● Problem description
The data must be given again exactly as written, with all images omitted.

● Collected material
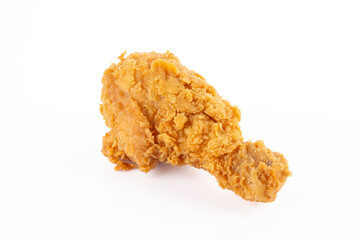 Delicious and crispy fried chicken legs on white background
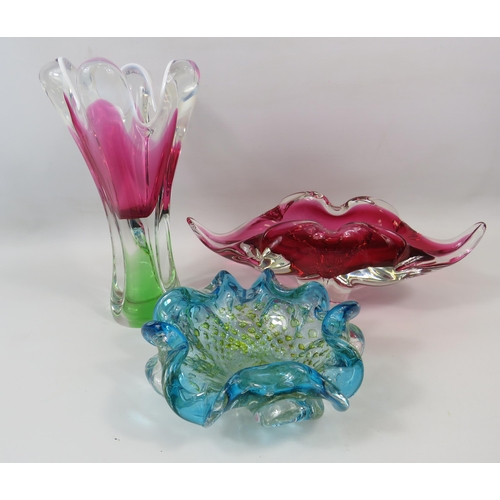 1354 - Murano Barovier and Toso glass bowl plus two pieces of Chribska art glass.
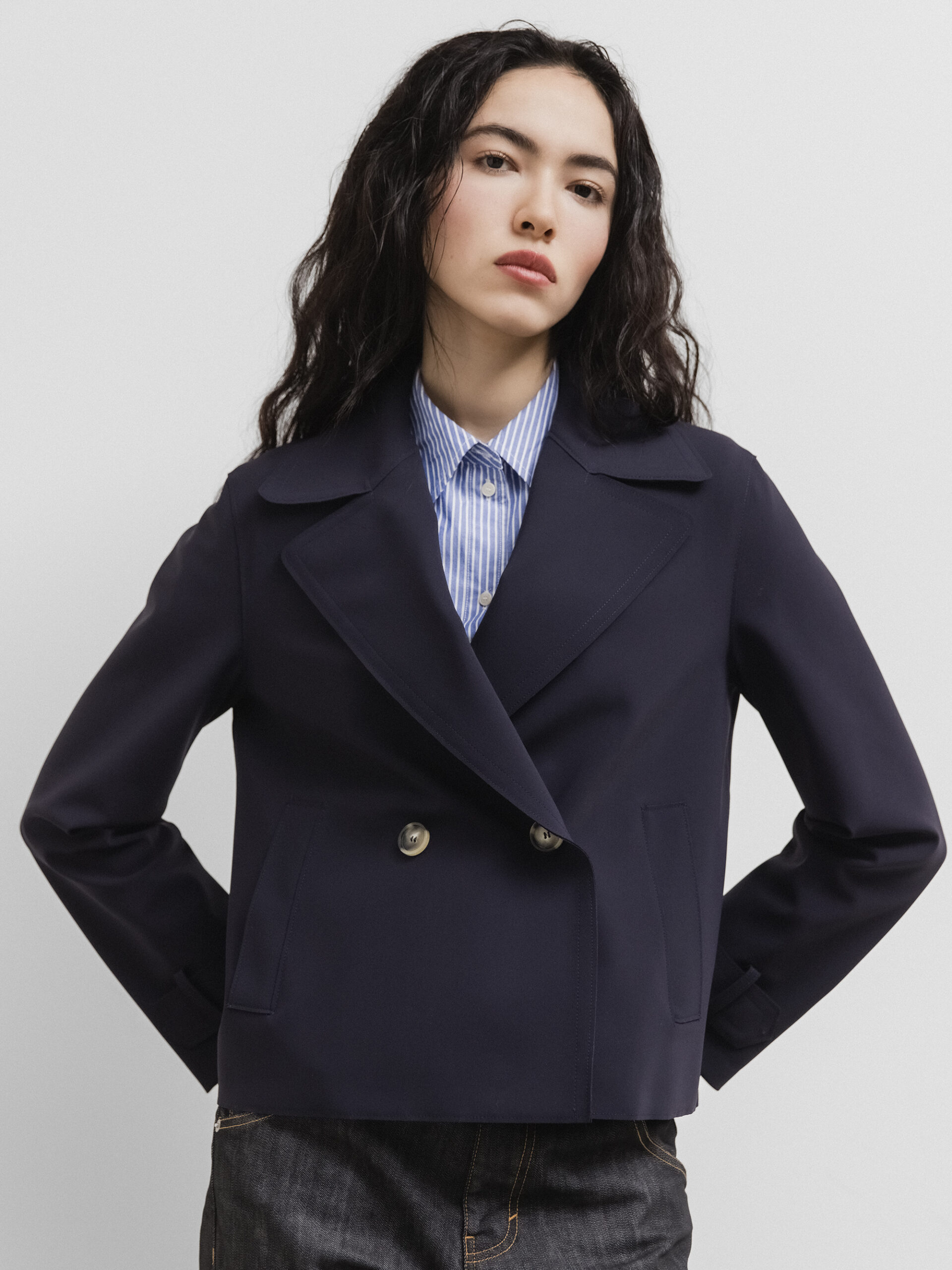 HARRIS WHARF LONDON Kurzer Trenchcoat Damen (358 NAVY)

● Answer section
 Delicious and crispy fried chicken legs on white background
 1354 - Murano Barovier and Toso glass bowl plus two pieces of Chribska art glass.
 HARRIS WHARF LONDON Kurzer Trenchcoat Damen (358 NAVY)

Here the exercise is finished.